Study questions for Watson and Crick, 1953:
- Does the WC structure most clearly resemble A, B, or Z form? Why?
Ans: B-form. The bases are perpendicular to the helix axis, the sugars are anti.
- The authors state that "the two chains (but not the bases) are related
by a dyad perpendicular to the fibre axis." What is a "dyad," and
what does this statement suggest about whether the chains are parallel or
antiparallel? Under what circumstances would the bases in fact be related
by a true dyad axis?
Ans: A dyad is a C2 symmetry axis: a 180 degree rotation about the axis leads to an indistinguishable molecule.
Since the 5' and 3' project backward and forward respectivley on the left side of a base when the minor groove is at the bottom,
rotation about the pseudidyad places 5' forward and 3' back on the other side, leading to antiparallel strands.
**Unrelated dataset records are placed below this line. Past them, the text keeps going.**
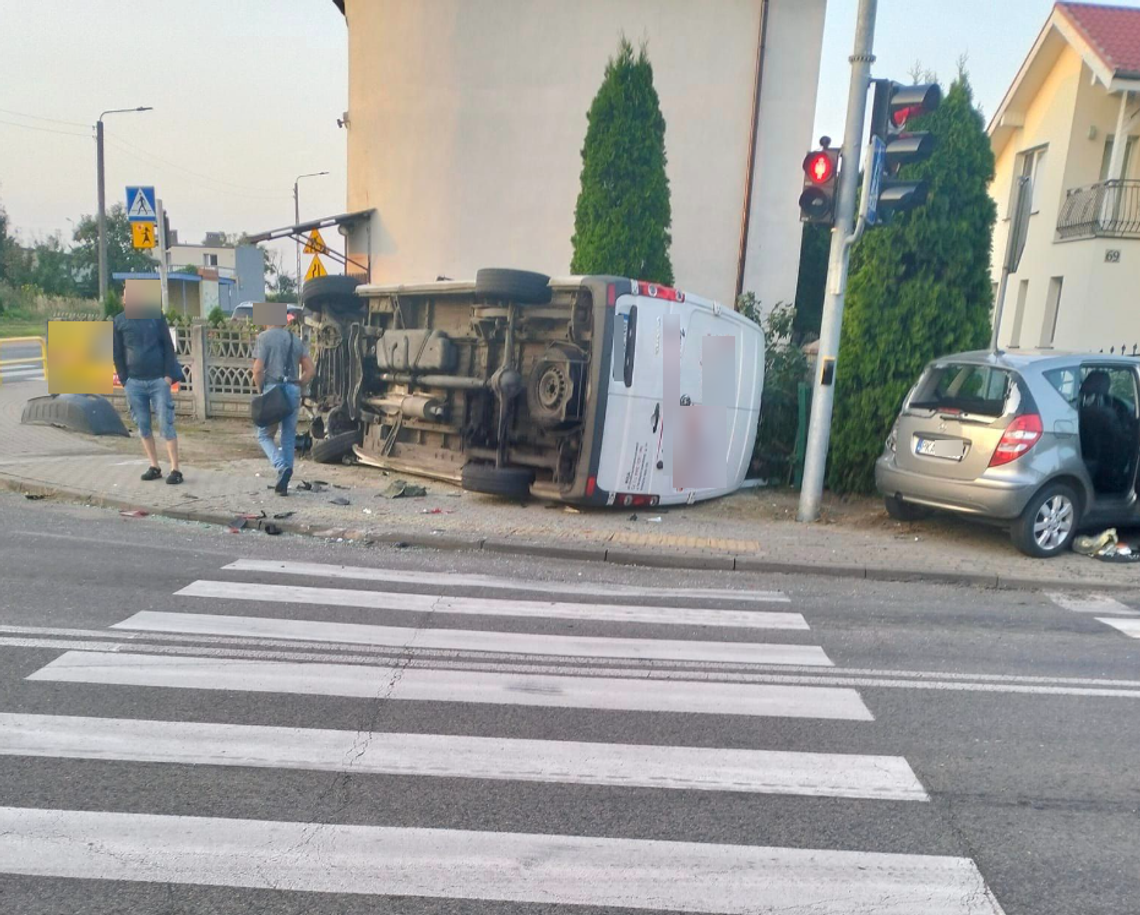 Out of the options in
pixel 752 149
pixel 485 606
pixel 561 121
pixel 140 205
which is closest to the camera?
pixel 485 606

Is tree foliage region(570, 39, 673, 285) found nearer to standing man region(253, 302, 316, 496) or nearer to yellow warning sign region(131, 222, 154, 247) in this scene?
standing man region(253, 302, 316, 496)

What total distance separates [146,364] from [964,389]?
817cm

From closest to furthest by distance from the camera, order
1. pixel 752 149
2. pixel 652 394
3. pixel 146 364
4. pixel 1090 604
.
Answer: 1. pixel 1090 604
2. pixel 652 394
3. pixel 146 364
4. pixel 752 149

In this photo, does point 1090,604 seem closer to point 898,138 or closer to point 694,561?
point 694,561

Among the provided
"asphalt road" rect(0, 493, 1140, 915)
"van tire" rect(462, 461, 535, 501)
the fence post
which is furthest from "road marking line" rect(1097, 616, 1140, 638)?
the fence post

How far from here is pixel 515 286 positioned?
832cm

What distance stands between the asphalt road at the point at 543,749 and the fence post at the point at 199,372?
810cm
- Draw the preferred enol form of thymine (why is it preferred?). What would
enol-T base pair with? Why was it important to Watson and Crick that the
keto forms of the bases be preferred?
| Ans: The enol form of thymine is shown at the right. This one has
all three double bonds conjugated. The H-binding pattern looks just
like C, so it would base pair with G. Bromo-deoxy U is more likely
than T to tautomerize in this way, making it mutageneic. Obviously,
Watson
and Crick needed to be confident they had the correct tautomeric
forms of the bases to come up with their model. |
 |
- Identify a nomenclature/numbering inconsistency between the WC paper and
today's labeling.
| Ans: The numbering of pyrimidines is different. Note there is
no picture of the actual base pairs -- they expect the reader to
draw them out for him/herself. |
 |
- The authors specifically suggest that their helical structure cannot apply
to RNA. Where/how do they say this?
Ans: "It is probably impossible to
build this structure with a ribose sugar in place of the deoxyribose, as
the extra oxygen atom would make too close a van der Waals contact." The
don't say to whom, but it's clear they had built real models. See "Why
no B-RNA."
Study questions for hybridization thermodynamics:
- Download the oligonucleotide hybridization
spreadsheet. Learn to use Microsoft Excel if necessary.You may also
want to look at the underlying
math, or not..
Ans: Not much to say here.
-
In the spreadsheet, change ΔS° and ΔH° and
observe effects on the melting curve. Change
both ΔH° and ΔS° at
the same time but try to keep the overall stability, roughly expressed by
ΔG°37 = ΔH° -310ΔS°
constant.
What happens to the sharpness of the transition as [the absolute magnitudes of] ΔH° and ΔS° increase?
Ans:
As ΔH° becomes more negative, the curve shifts to the right (higher
TM, more stable).
Conversely, a more negative ΔS° shifts the curve left. Changing
both can leave the TM
unchanged, but since the temperature dependence of ΔG° gets more
steep the curve becomes sharper (more rapid change in Keq for hybridization).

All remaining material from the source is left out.